There is a ton of good music missing from the original album, but, as with Raiders of the Lost Ark, it does a pretty good job given the restraints if a single LP. Actually, I’d say it’s the better of the two in terms of music that was chosen. If I had to choose what cues to put on a roughly forty minute album, I’d choose most of the same music.

Rating: 9/10

Track Listing

  1. Anything Goes (2:54) 8/10
  2. Fast Streets of Shanghai (3:43) 8/10
  3. Nocturnal Activities (5:57) 7/10
  4. Short Round’s Theme (2:32) 10/10
  5. Children in Chains (2:45) 10/10
  6. Slalom on Mt. Humol (2:26) 6/10
  7. The Temple of Doom (3:01) 10/10
  8. Bug Tunnel and Death Trap (3:32) 9/10
  9. Slave Children’s Crusade (3:25) 10/10
  10. The Mine Car Chase (3:42) 10/10
  11. Finale and End Credits (6:19) 10/10

2008 Concord Set Album

It’s really strange how long it took for the second and third Indiana Jones scores to receive expanded releases. The Temple of Doom benefits the most from the expanded 2008 Concord release. Not only was it originally the hardest to find of the three CDs, it now has over twice as much music available. With a chronological track ordering, the tonal shifts of the movie is perfectly captured. The first half is mostly light-hearted adventure fare while the second features more percussion and dark or epic cues.

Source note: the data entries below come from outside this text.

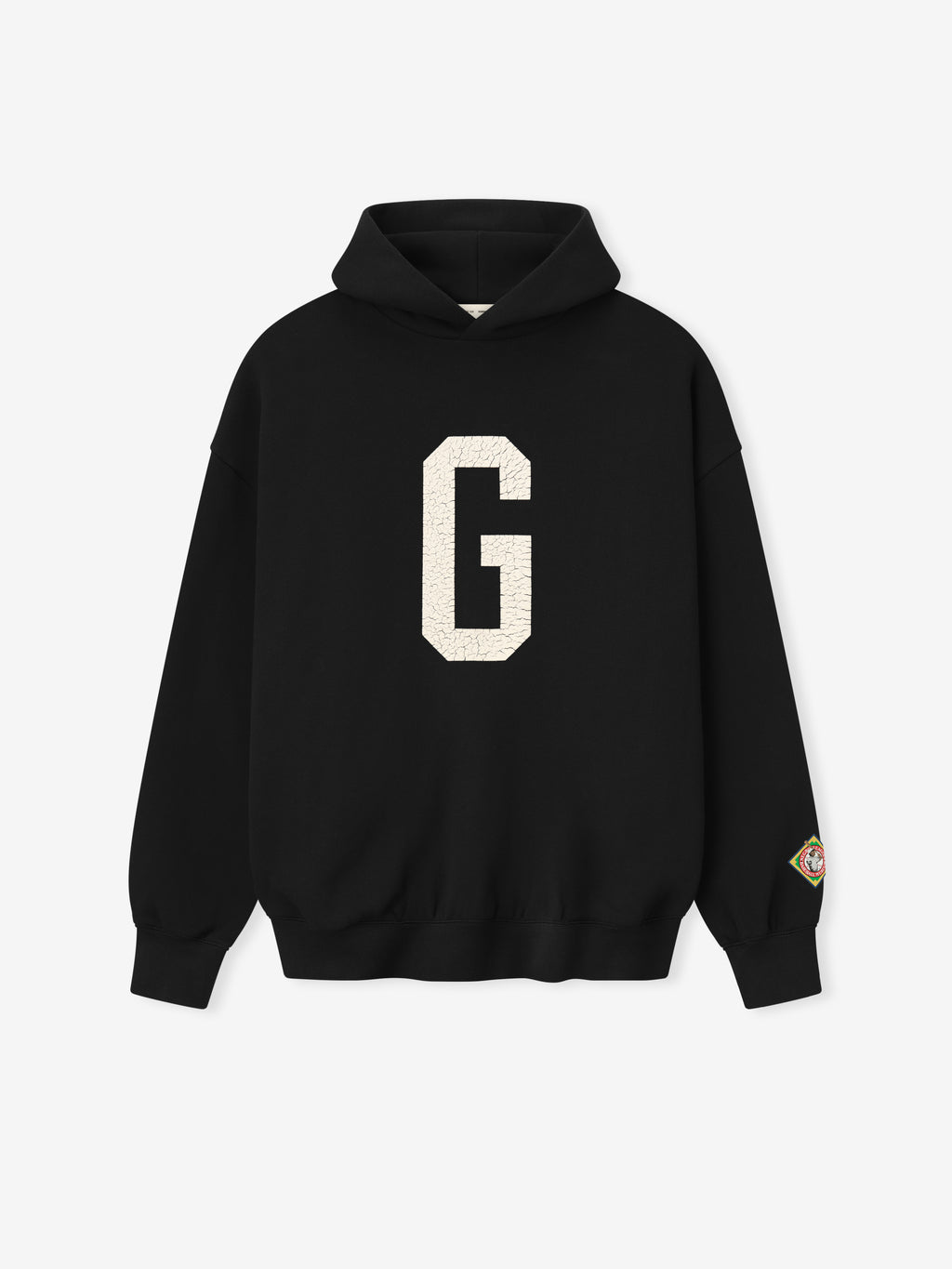 black Essentials hoodie with large white felt "G" graphic on front and colorful patch on left sleeve cuff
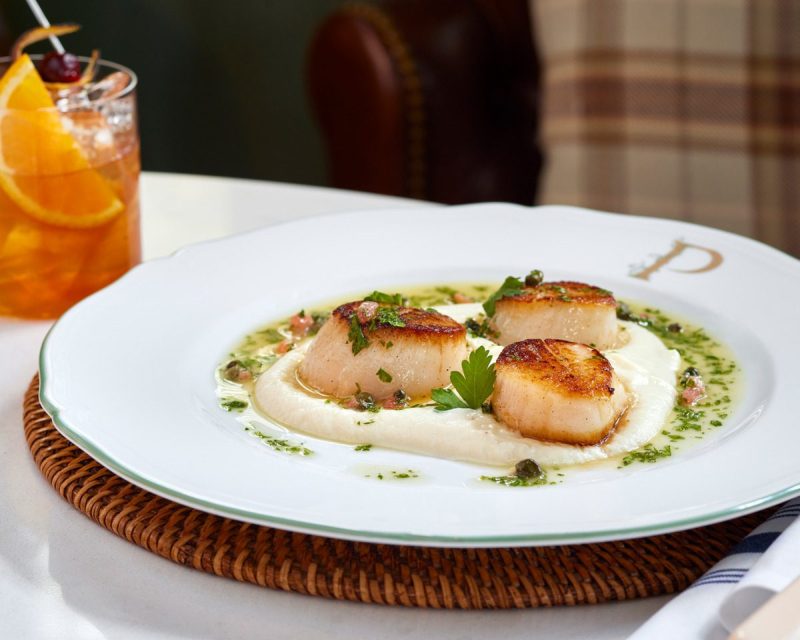 A plate of scallops at The Inn at Little Washington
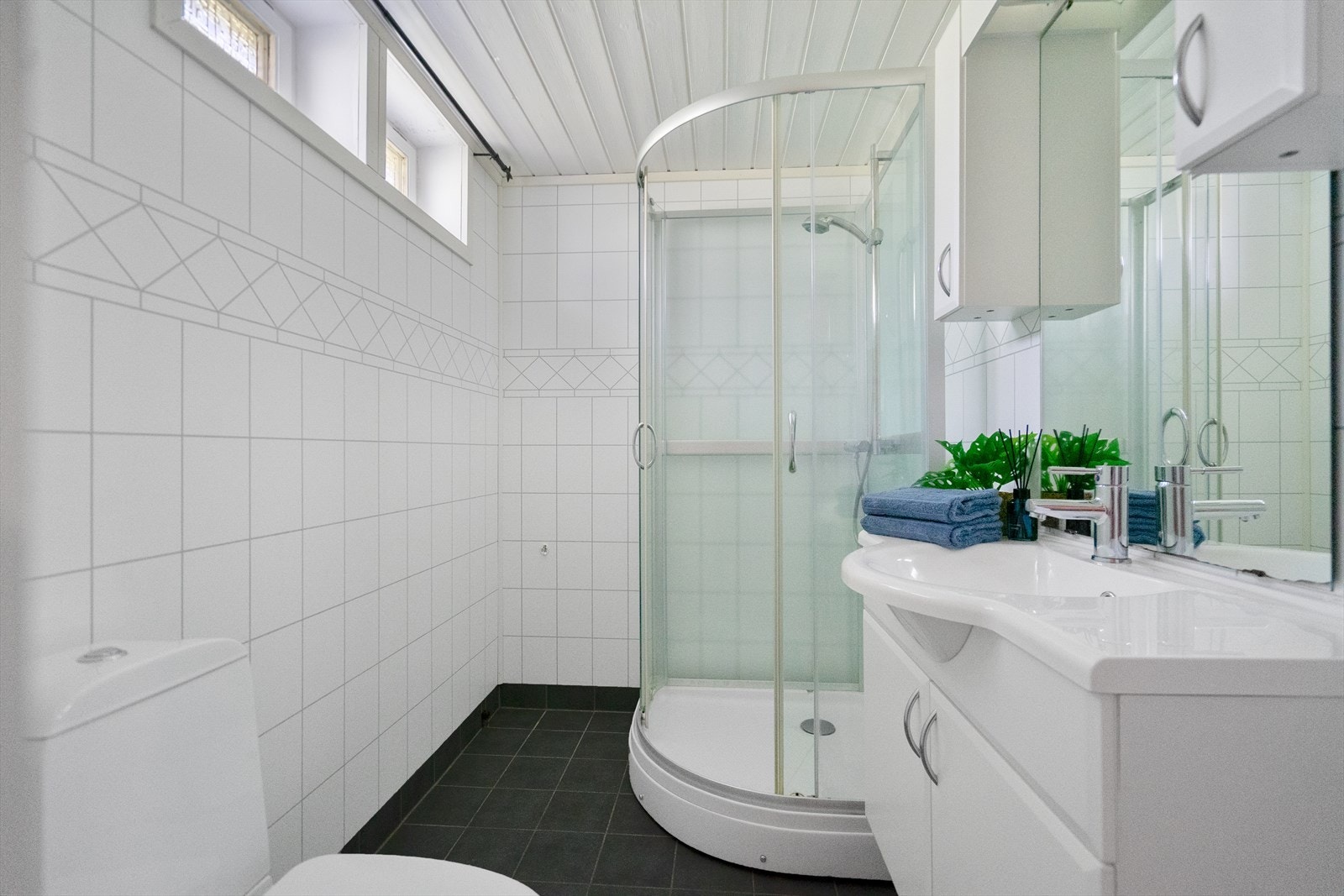 Badet i 1.etasje er utstyrt med baderomsinnredning, oppbevarings skap- og skuffer, toalett og dusj Galleribilde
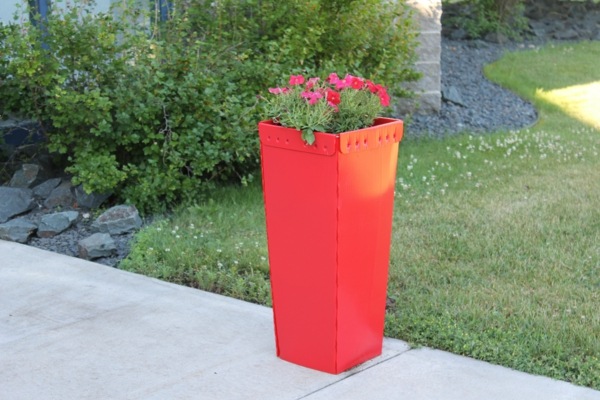 red self-watering flower pot garden path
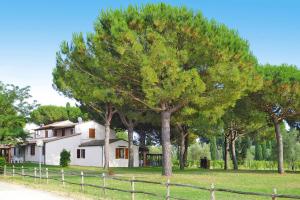 biały dom z płotem i drzewami w obiekcie Holiday resort Azienda Canova Seconda Marina di Grosseto - ITO03010-FYF w mieście Marina di Grosseto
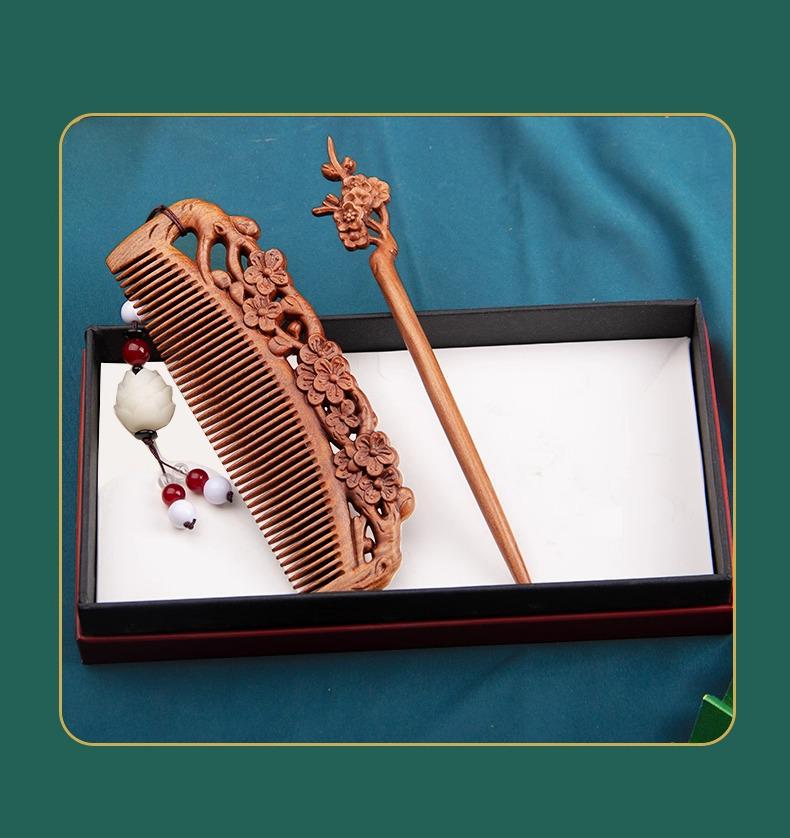 Wooden comb and hairpin set in a black box on a teal background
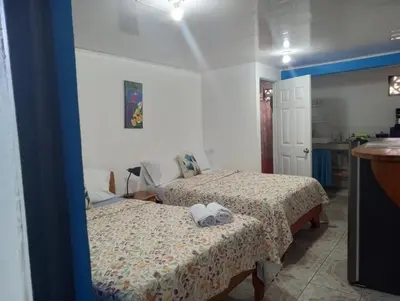 a bedroom with two beds and a kitchen at Cabina Chazu#1 in Quepos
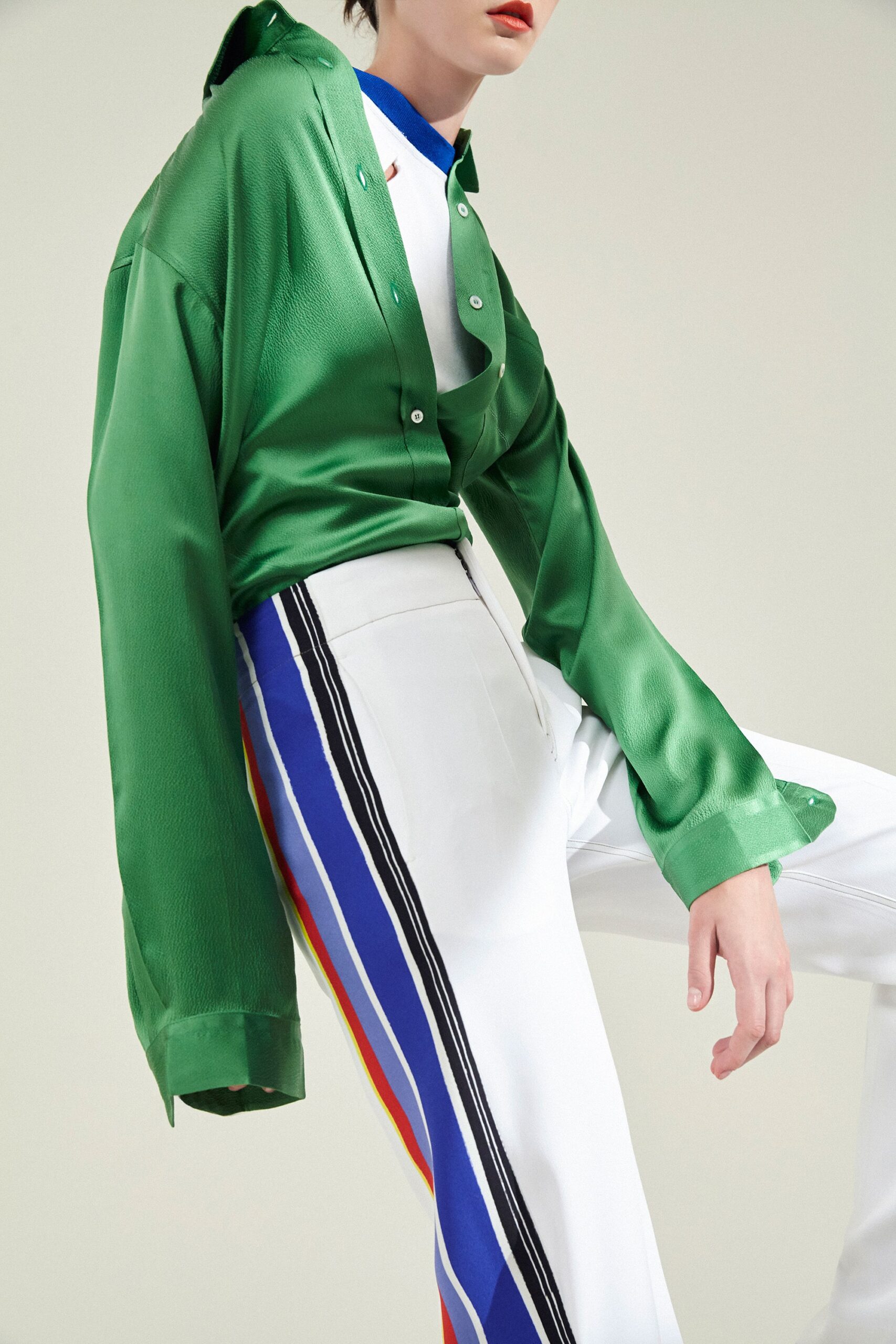 green silk shirt with tailored pants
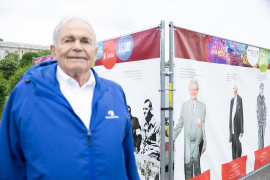 Mark Olsky, KZ-Überlebender und eines der drei "Mauthausen Babys", steht vor der Gedenkausstellung am Heldenplatz mit lebensgroßen Porträts und Zitaten von KZ-Überlebenden und Zeitzeug:innen sowie Auszügen aus dem Mauthausen-Schwur © MKÖ/Alissar Najjar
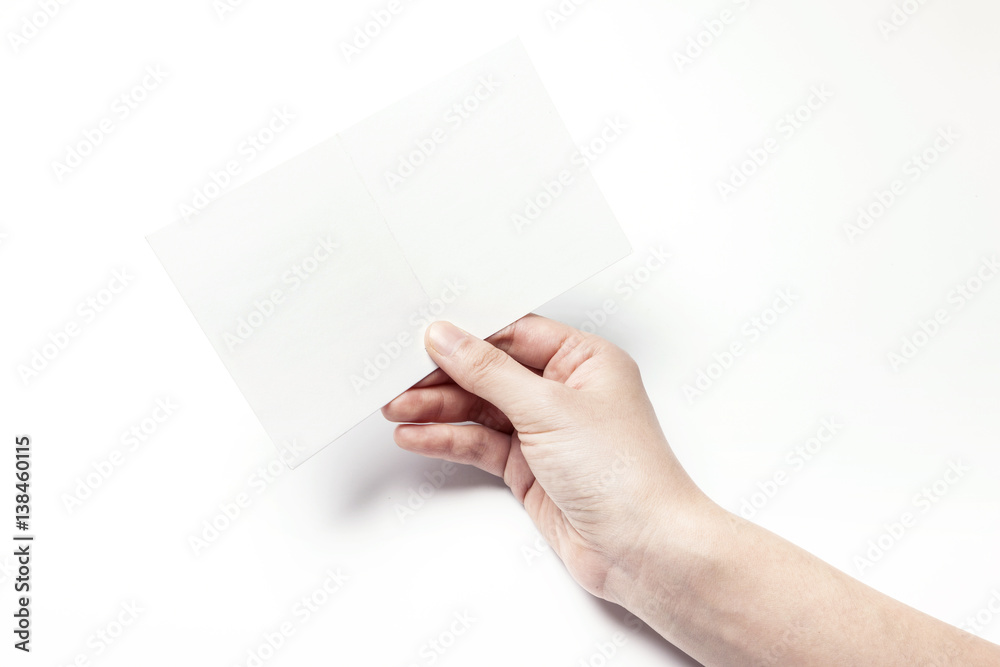 woman hand hold a empty post card isolated white. woman hand hold a empty post card isolated white.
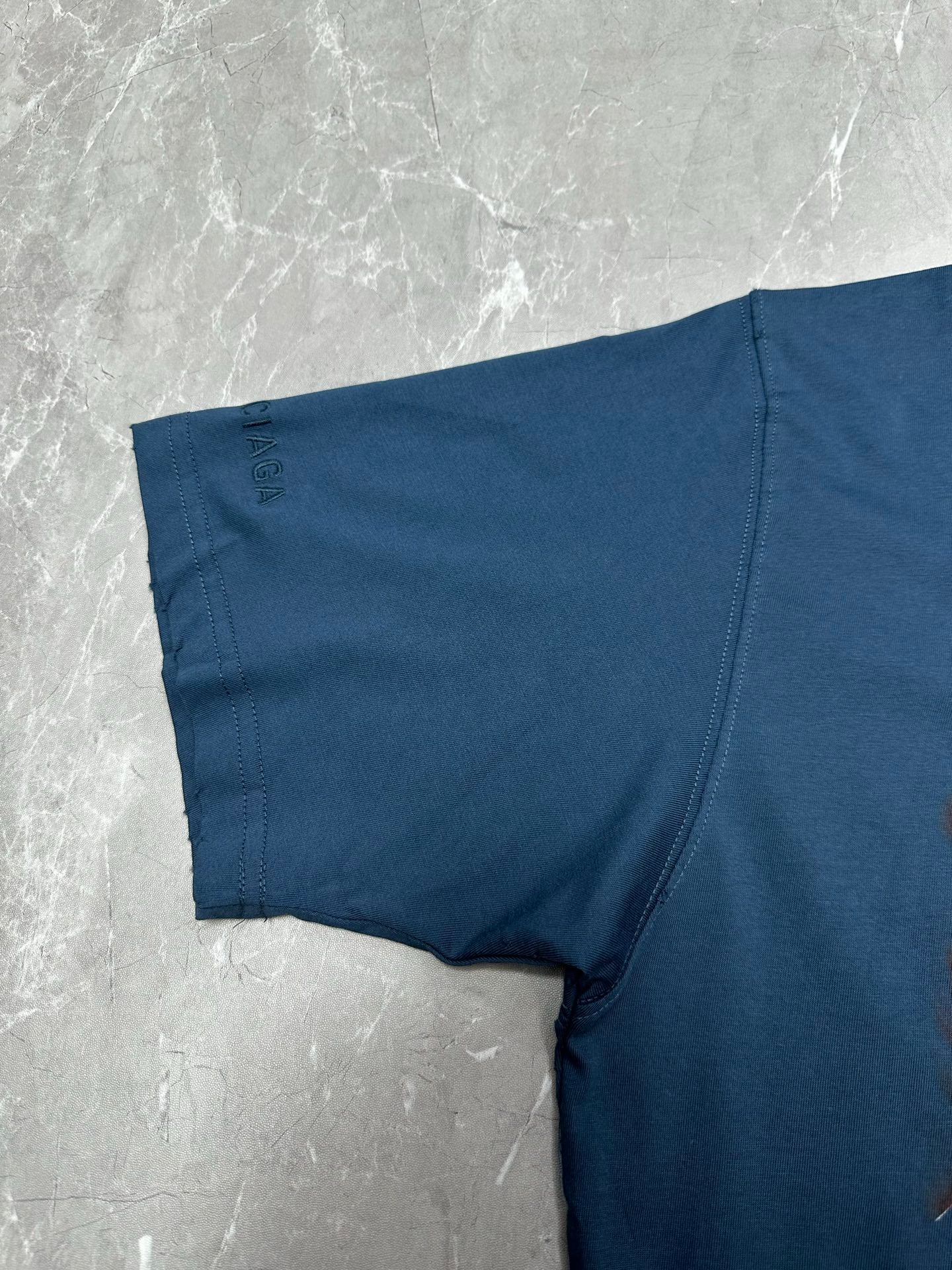 Blue T-shirt sleeve and side seam detail, laid flat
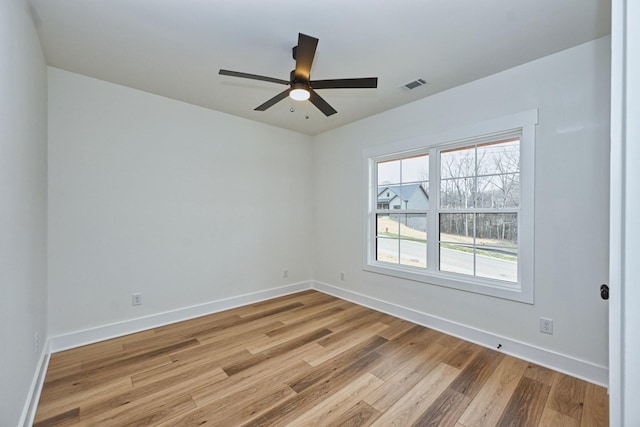 unfurnished room with baseboards, ceiling fan, light wood-style floors, and visible vents
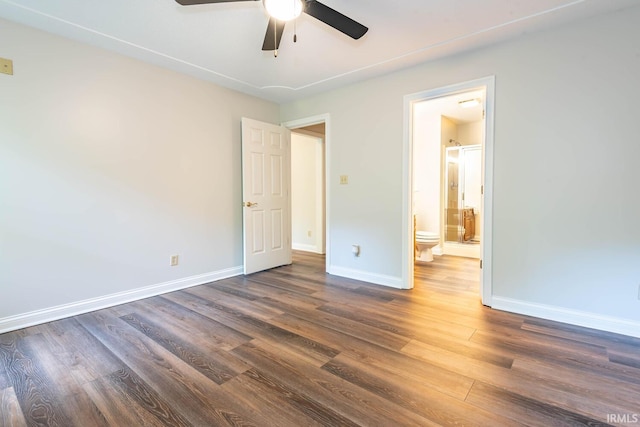 unfurnished bedroom featuring dark wood-type flooring, ceiling fan, and connected bathroom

The nightclub sequence is expanded upon with “Indy Negotiates” and “Nightclub Brawl”, the latter of which features an instrumental version of “Anything Goes” at the end. “The Scroll/To Pankot Palace” introduces the Temple of Doom theme, which was originally only present in “Mine Car Chase”. Here it is played alongside percussion until bursting out as a sinister fanfare. And speaking of outbursts, Williams unleashes an otherworldly choir in “Approaching the Stones” as Indy finds his treasure.

A great deal of the new tracks cover the seemingly endless series of action sequences in the movie’s last third. Most feature Short Round, Willy, and Indy’s themes playing among an action backdrop. “Water!” is a track which literally sparkles, while in “The Sword Trick”, Williams makes a humorous reference to “The Basket Chase” when Indiana Jones fails to repeat his act of simply shooting down a swordsman. The best addition among these cues is “Broken Bridge/British Relief”, the climatic cue. It features various action statements of the Temple of Doom theme, with the Sanskrit chant breaking out at one point as Indy almost has his heart ripped out. The slave children’s theme breaks out chorally as the main villain meets his demise and a little heroic fanfare concludes things.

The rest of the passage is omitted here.